Dancers toss flower petals toward the crowd during last year’s Cambodian New Year Celebration at Clark College. (Photo by Steven Lane)
The Cambodian New Year Celebration at Clark College this weekend will feature elaborate costumes. (By Troy Wayrynen, The Columbian)
Jennifer Kourn, then 6, from Vancouver, peeked through the stage curtain to check the crowd before dancing at last year’s Cambodian New Year Celebration. This year Jennifer, now 7, will dance again. (By Steven Lane, The Columbian)
If you go
  • What: Cambodian New Year Celebration, feting the year of the tiger with traditional dance and music.
  • When: 6:30-11:30 p.m. April 10. 6:30-7:30 p.m. is a social hour, followed by a performance by the Khmer Angkor Dance Troupe from 7:30-8:45 and a social dance from 8:45-11:30.
  • Where: Clark College’s Gaiser Student Center, 1933 Fort Vancouver Way, Vancouver.
  • Cost: $14, free for children 12 and younger. Refreshments will be available for purchase.
  • Information: 360-944-9025 or 360-882-3646.
Cambodian-American troupe continues local celebration

Friday, April 9, 2010
By Mary Ann Albright
Columbian staff writer (Washington State, USA)

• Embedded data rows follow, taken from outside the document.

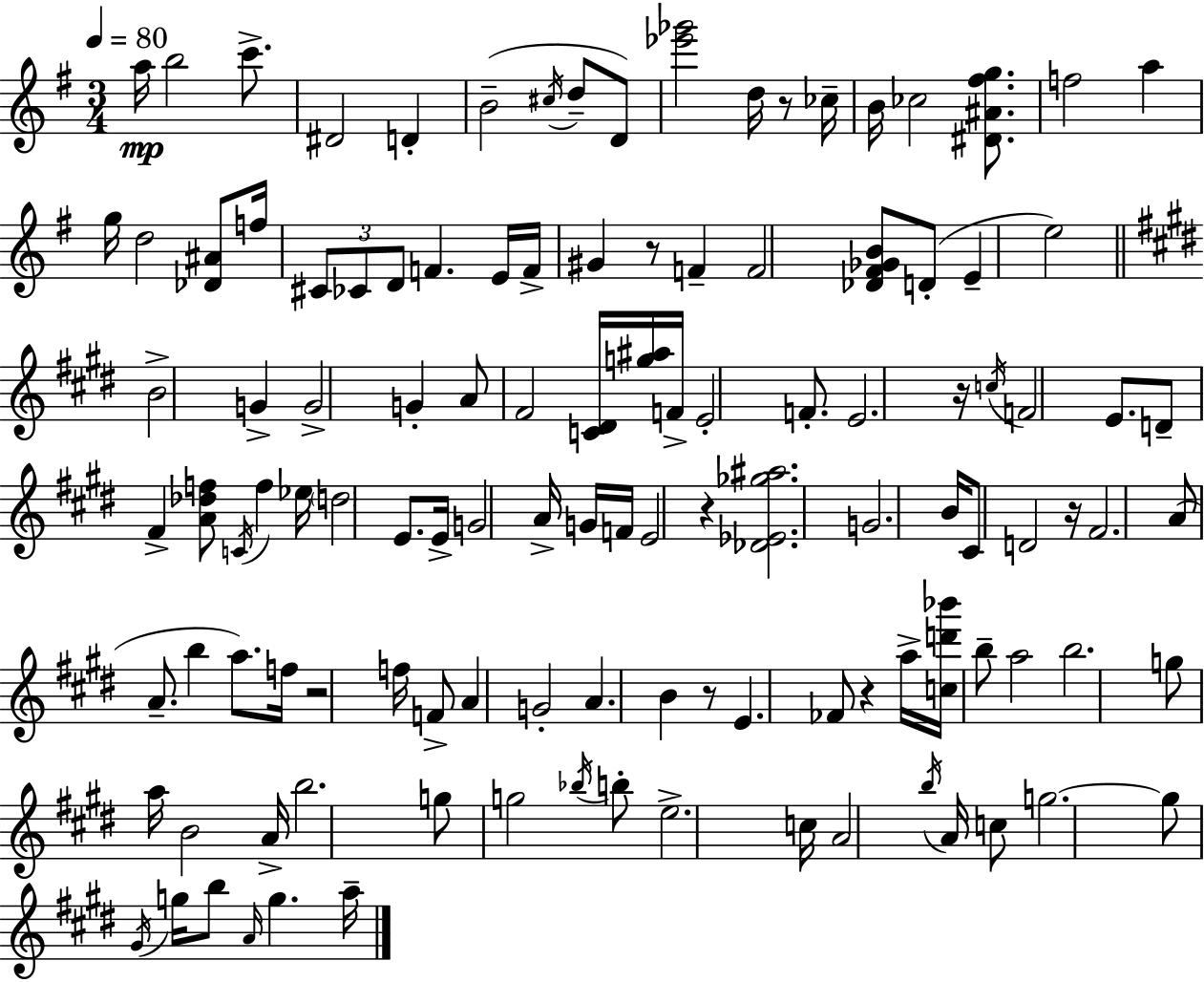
A5/s B5/h C6/e. D#4/h D4/q B4/h C#5/s D5/e D4/e [Eb6,Gb6]/h D5/s R/e CES5/s B4/s CES5/h [D#4,A#4,F#5,G5]/e. F5/h A5/q G5/s D5/h [Db4,A#4]/e F5/s C#4/e CES4/e D4/e F4/q. E4/s F4/s G#4/q R/e F4/q F4/h [Db4,F#4,Gb4,B4]/e D4/e E4/q E5/h B4/h G4/q G4/h G4/q A4/e F#4/h [C4,D#4]/s [G5,A#5]/s F4/s E4/h F4/e. E4/h. R/s C5/s F4/h E4/e. D4/e F#4/q [A4,Db5,F5]/e C4/s F5/q Eb5/s D5/h E4/e. E4/s G4/h A4/s G4/s F4/s E4/h R/q [Db4,Eb4,Gb5,A#5]/h. G4/h. B4/s C#4/e D4/h R/s F#4/h. A4/e A4/e. B5/q A5/e. F5/s R/h F5/s F4/e A4/q G4/h A4/q. B4/q R/e E4/q. FES4/e R/q A5/s [C5,D6,Bb6]/s B5/e A5/h B5/h. G5/e A5/s B4/h A4/s B5/h. G5/e G5/h Bb5/s B5/e E5/h. C5/s A4/h B5/s A4/s C5/e G5/h. G5/e G#4/s G5/s B5/e A4/s G5/q. A5/s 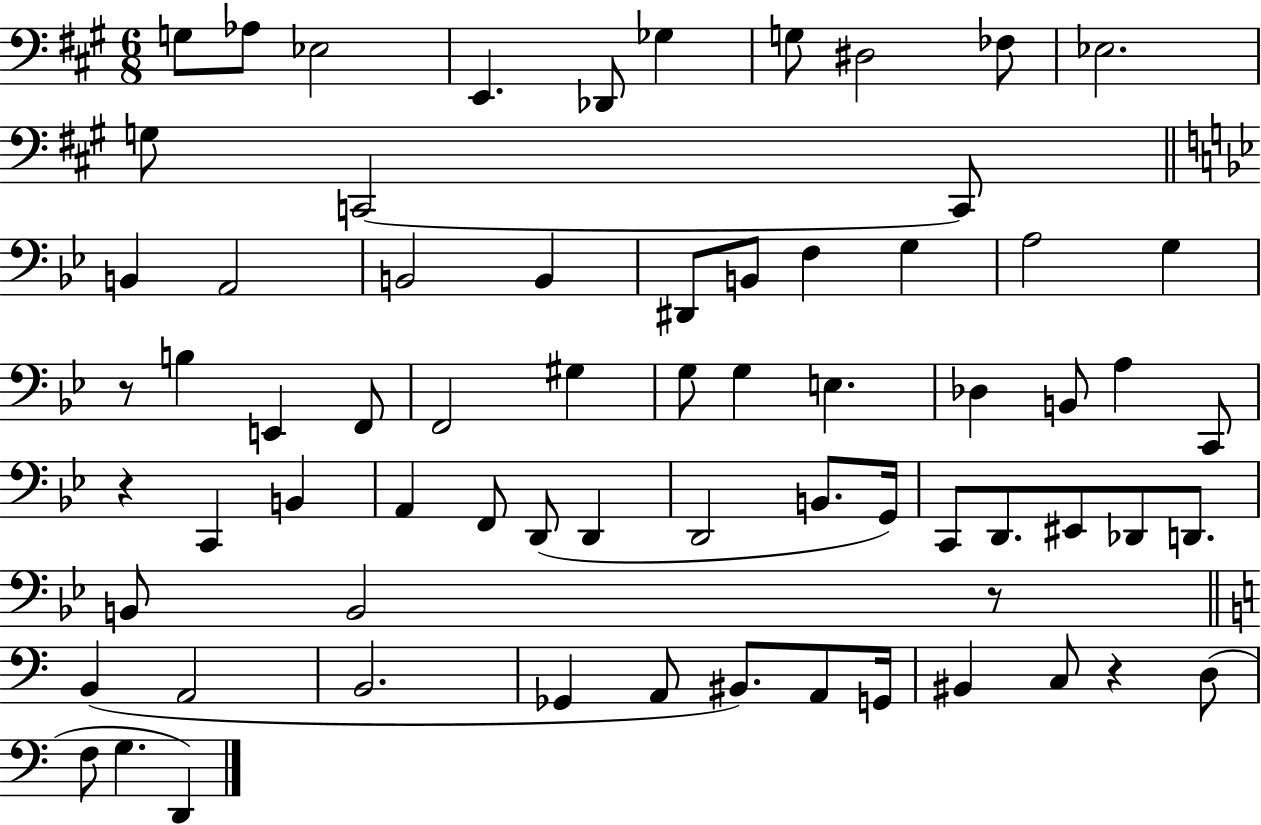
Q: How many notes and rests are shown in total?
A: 69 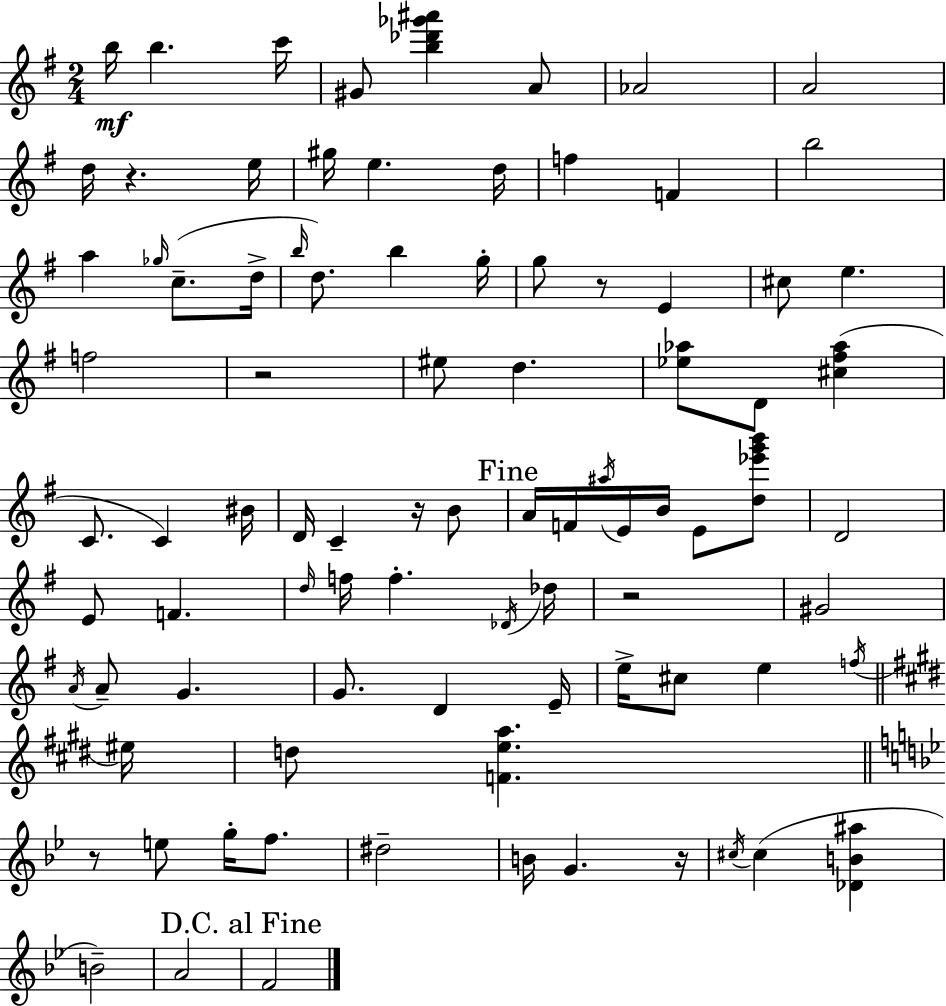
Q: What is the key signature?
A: G major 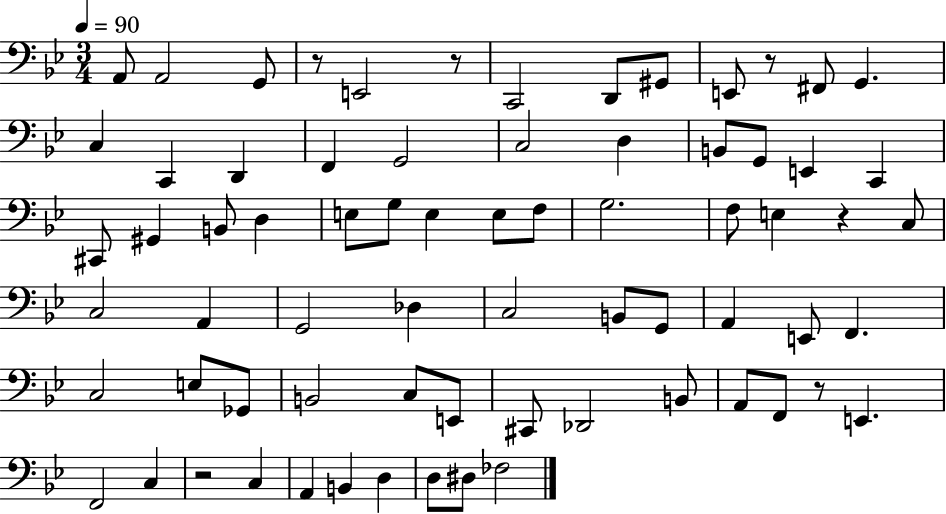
A2/e A2/h G2/e R/e E2/h R/e C2/h D2/e G#2/e E2/e R/e F#2/e G2/q. C3/q C2/q D2/q F2/q G2/h C3/h D3/q B2/e G2/e E2/q C2/q C#2/e G#2/q B2/e D3/q E3/e G3/e E3/q E3/e F3/e G3/h. F3/e E3/q R/q C3/e C3/h A2/q G2/h Db3/q C3/h B2/e G2/e A2/q E2/e F2/q. C3/h E3/e Gb2/e B2/h C3/e E2/e C#2/e Db2/h B2/e A2/e F2/e R/e E2/q. F2/h C3/q R/h C3/q A2/q B2/q D3/q D3/e D#3/e FES3/h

Organizing the community’s Cambodian New Year festivities runs in the family for Connie Mom-Chhing. Her late mother, Vann Hem, once a member of the Cambodian Royal Ballet and founder of the Khmer Angkor Dance Troupe in Vancouver, began putting together local Cambodian New Year events in 1987. Now, oversight for the annual celebration, as well as the dance troupe, has fallen to Mom-Chhing. It’s a way of helping the area’s small but growing Cambodian-American community keep traditions alive.

This weekend will mark the third year Mom-Chhing’s volunteer-run Cambodian New Year Celebration has taken place at Clark College. The Khmer Angkor Dance Troupe will perform a new routine, as well as revive a dance shelved for the past two decades. The event will feature classical and folk Cambodian dance demonstrations, social dance time, music and traditional Cambodian foods as it celebrates the year of the tiger.

The Chinese New Year goes by the lunisolar calendar, so the date varies from year to year. The Cambodian, Thai and Laotian New Years are always celebrated for three days on April 13, 14 and 15, said Mom-Chhing. But really, the entire month of April is a celebratory time, added the 40-year-old Vancouver resident, administrator for the Clark County Regional Support Network.

Dance is an important part of the celebration. Khmer, or Cambodian, classical dance is an art form dating back 2,000 years and was traditionally performed in the royal court and at sacred rituals as a sacrifice to gods, goddesses and spirits of dance teachers departed. The dance uses highly stylized hand movements to tell a story.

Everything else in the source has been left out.